• DATA SHOWN
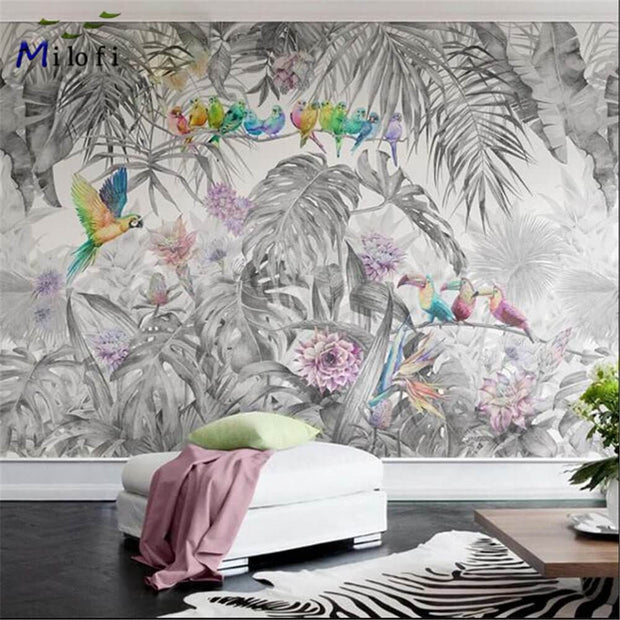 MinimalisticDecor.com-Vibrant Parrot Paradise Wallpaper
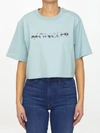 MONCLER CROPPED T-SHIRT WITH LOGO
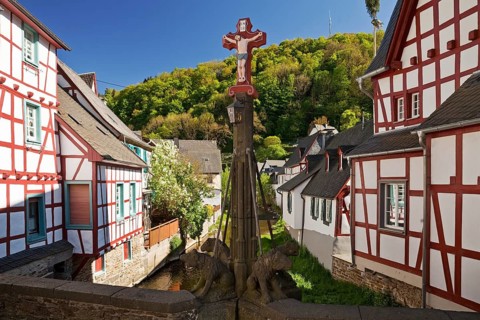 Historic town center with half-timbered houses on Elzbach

• YOUR GOAL
Write the listing out exactly, apart from its pictures.

• RESULT OF THIS TASK
 MinimalisticDecor.com-Vibrant Parrot Paradise Wallpaper
 MONCLER CROPPED T-SHIRT WITH LOGO
 Historic town center with half-timbered houses on Elzbach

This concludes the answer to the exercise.